M. de Vendôme et son frère repaissoient le roi toutes les semaines par des courriers que chacun d’eux envoyoit de son armée, et souvent plus fréquemment de projets et d’espérances d’entreprises qui s’alloient infailliblement exécuter deux jours après, et qui toutes s’en alloient en fumée.

On comprenoit aussi peu une conduite si propre à décréditer, que la persévérance du roi à s’en laisser amuser et à être toujours content d’eux ; et cette suite si continuelle et si singulière de toutes leurs campagnes prouve peut-être plus l’excès du pouvoir qu’eut toujours auprès de lui leur naissance et la protection pour cela même de M. du Maine, conséquemment de Mme de Maintenon, que tout ce qu’on lui a vu faire avant et depuis pour les bâtards comme tels. De temps en temps quelque petite échauffourée soutenoit leur langage, dans un pays si coupé où deux grandes armées jouoient aux échecs l’une contre l’autre.
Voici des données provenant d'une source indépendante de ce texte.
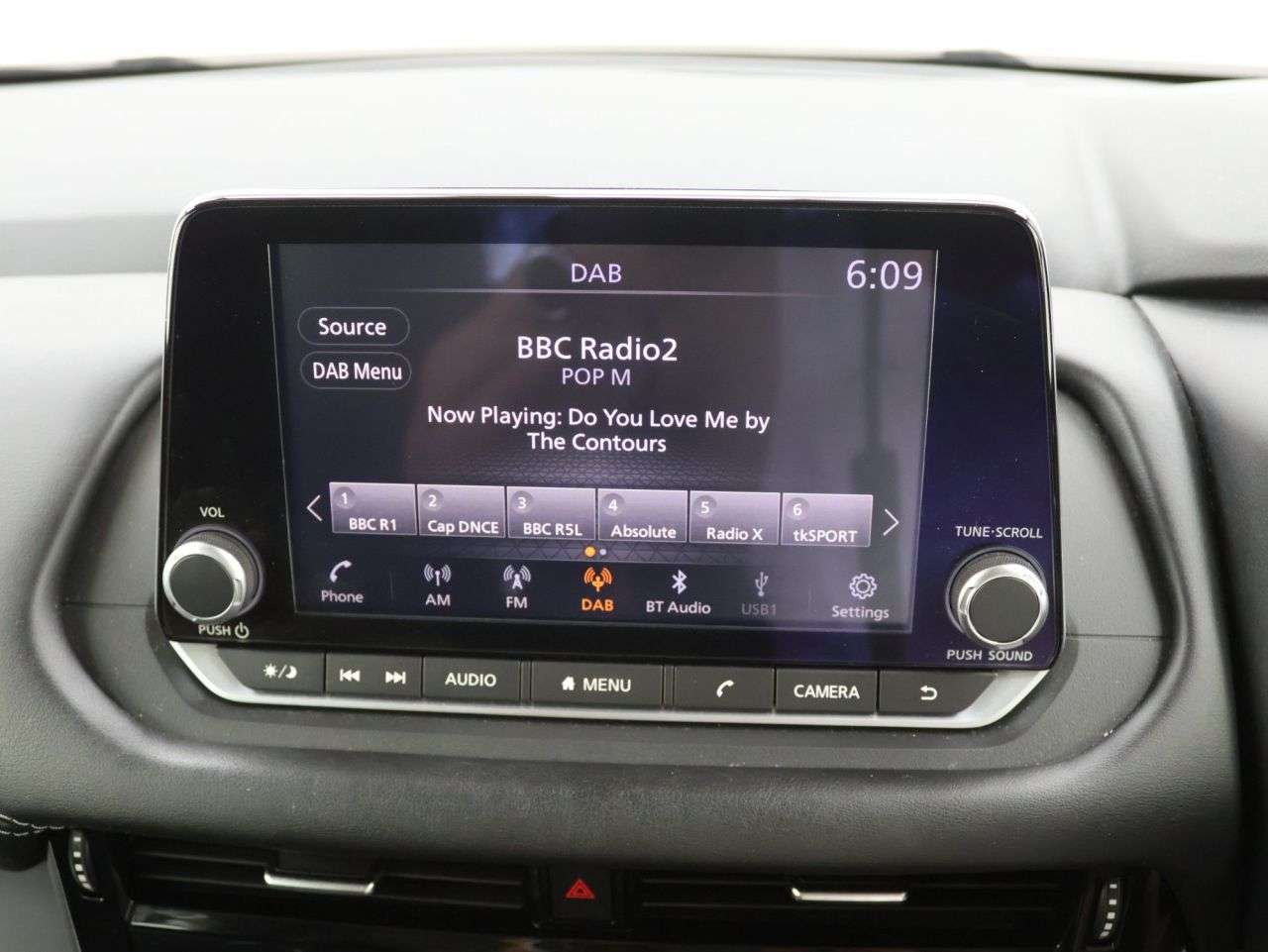 2021 NISSAN QASHQAI 2021 NISSAN QASHQAI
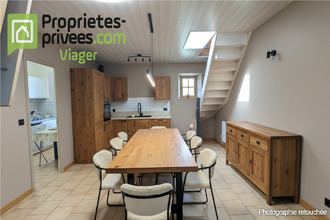 achat viager la-celle-st-avant 37160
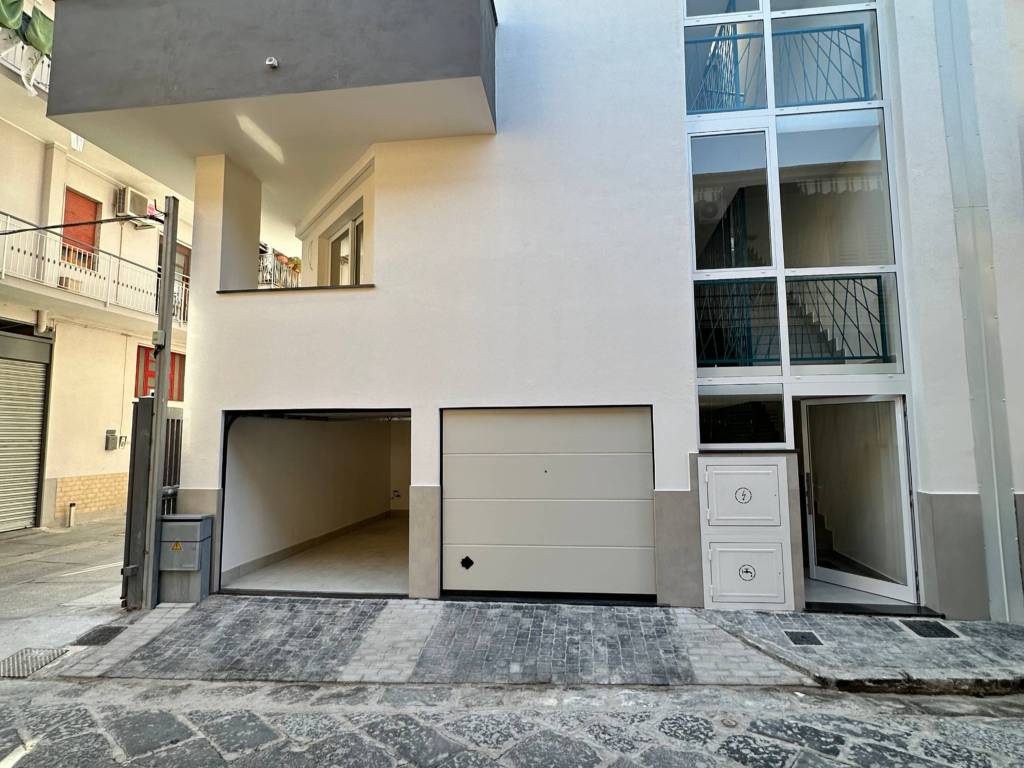 appartamento in vendita a Marigliano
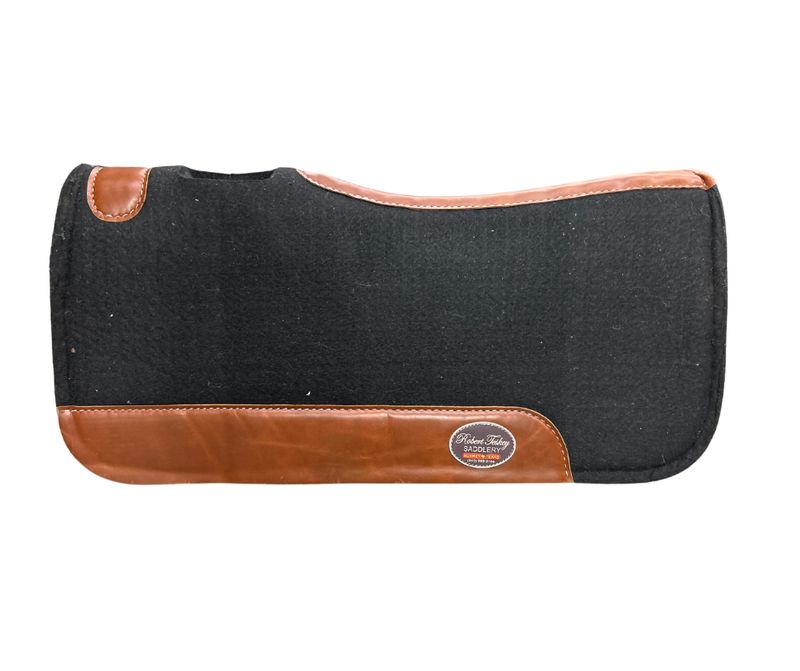 Felt 2&quot; Saddle Pad- 32&quot;X31&quot;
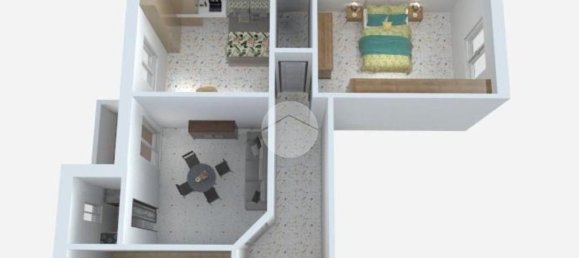 3 bedrooms Apartment in Milan, Italy No. 357955 46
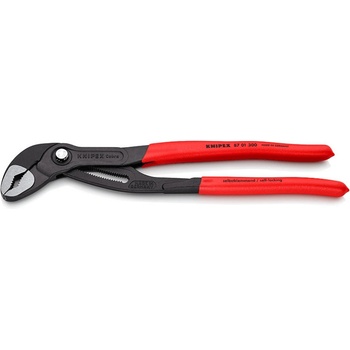 KNIPEX Cobra 8701300 SIKO instalatérské kleště 300 mm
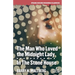 The Man Who Loved the Midnight Lady / In the Stone House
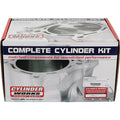 Cylinder Works auto part close-up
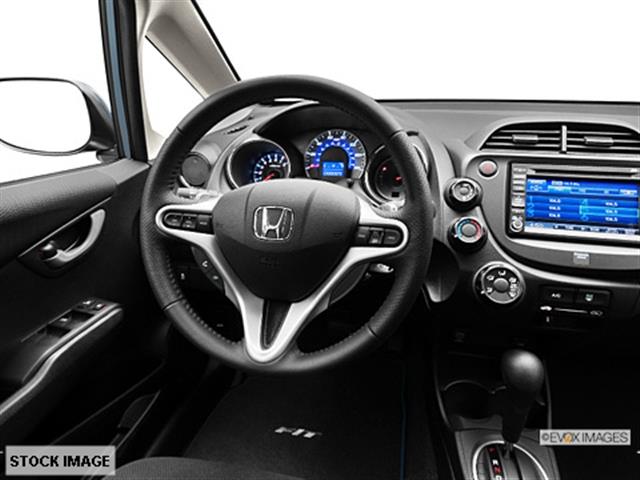 Honda Fit 2013 photo 2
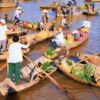 Planning Your Visit: How to Experience Floating Markets from Ho Chi Minh City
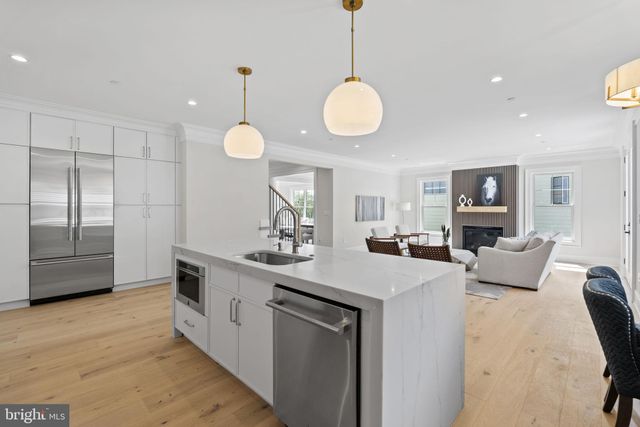 $2,060,000 | 6004 Benalder Drive, Bethesda, MD 20817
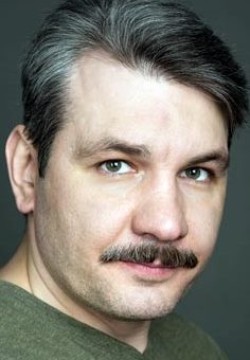 Евгений Терских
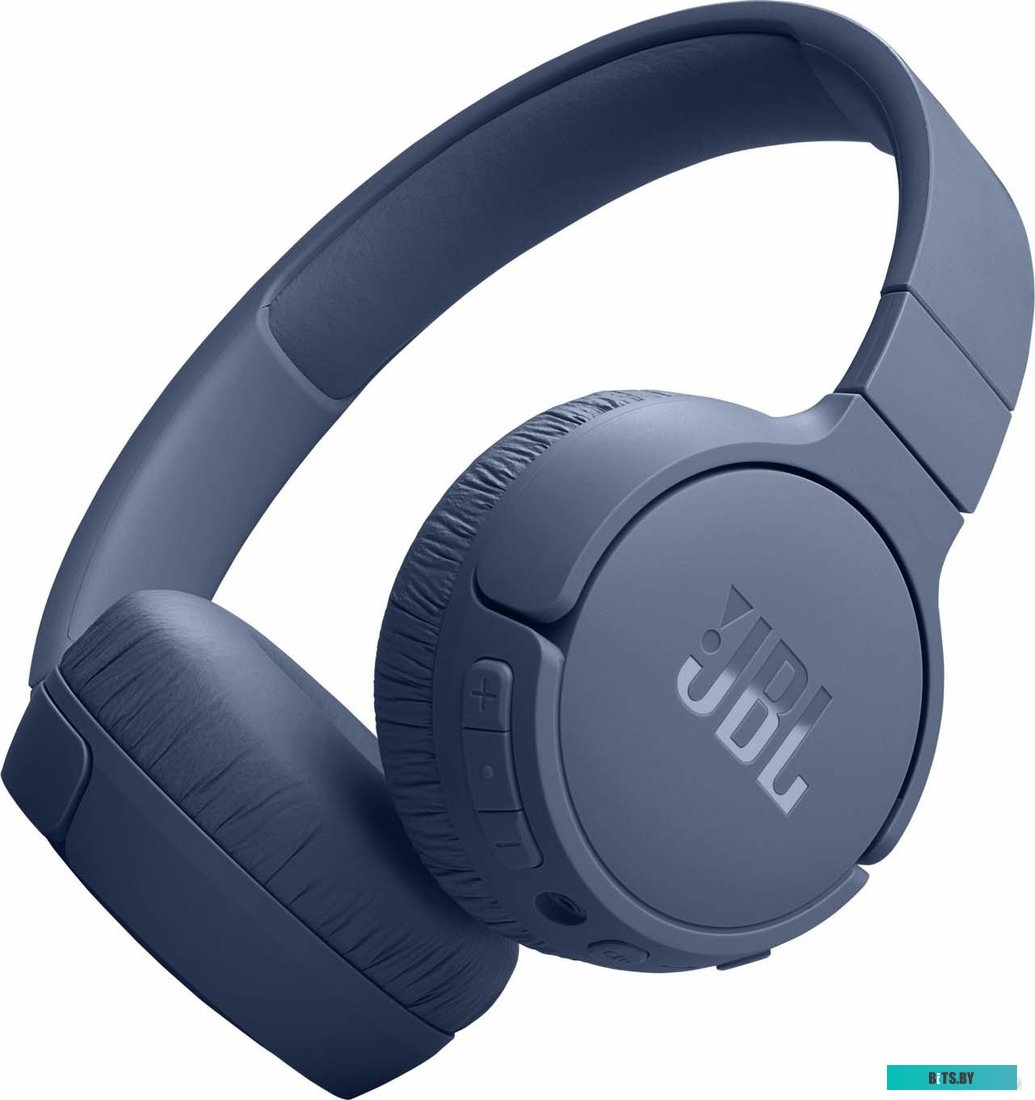 Гарнитура JBL T670NC JBLT670NCBLUCN
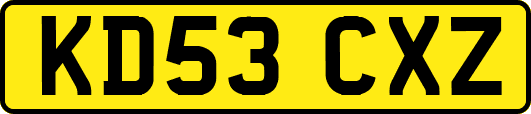KD53CXZ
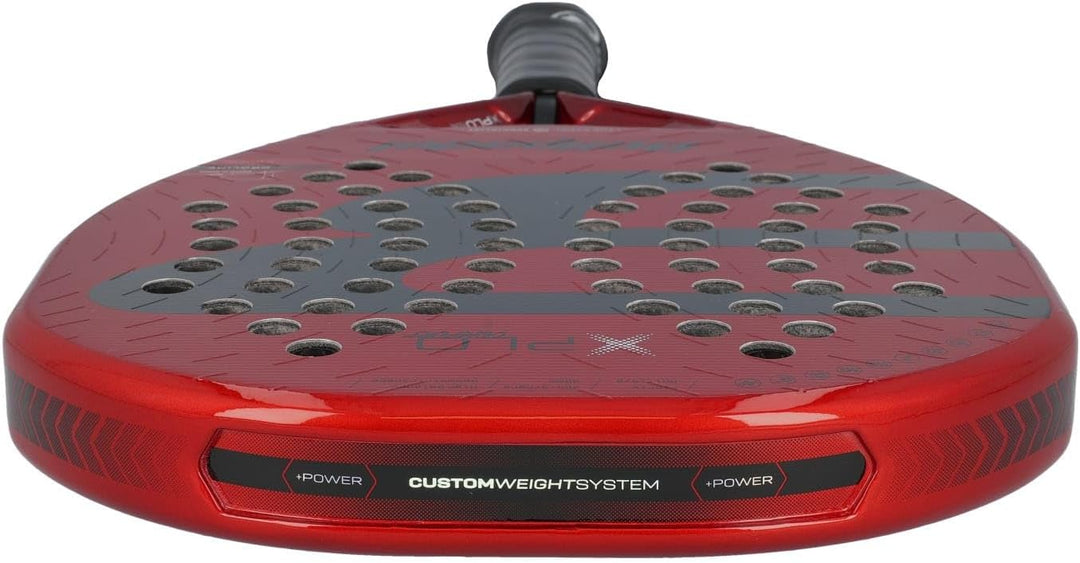 Bullpadel Xplo Komfort 25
À la mi-mai M. de Vendôme tenta l’exploit de chasser de Trin quelques troupes impériales ; il y arriva trop tard, à son ordinaire, et trouva les oiseaux envolés. Il fit tomber sur une arrière-garde qui se trouva si bien protégée par l’infanterie postée en divers lieux avantageux sur leur retraite, qu’elle se fit très bien malgré lui. Il leur tua quatre cents hommes et prit force prisonniers, entre autres Vaubrune, un de leurs officiers généraux, grand partisan et fort hasardeux. Qui compteroit exactement ce que M. de Vendôme mandoit au roi chaque campagne qu’il tuait ou prenoit aux ennemis ainsi en détail, y trouveroit presque le montant de leur armée. C’est ainsi qu’en supputant les pertes dont les gros joueurs se plaignent le long de l’année, il s’est trouvé des gens qui, à leur dire, avoient perdu plus d’un million, et qui en effet n’avoient jamais perdu cinquante mille francs. La licence et la débauche, l’air familier avec les soldats et le menu officier faisoit aimer M. de Vendôme de la plupart de son armée.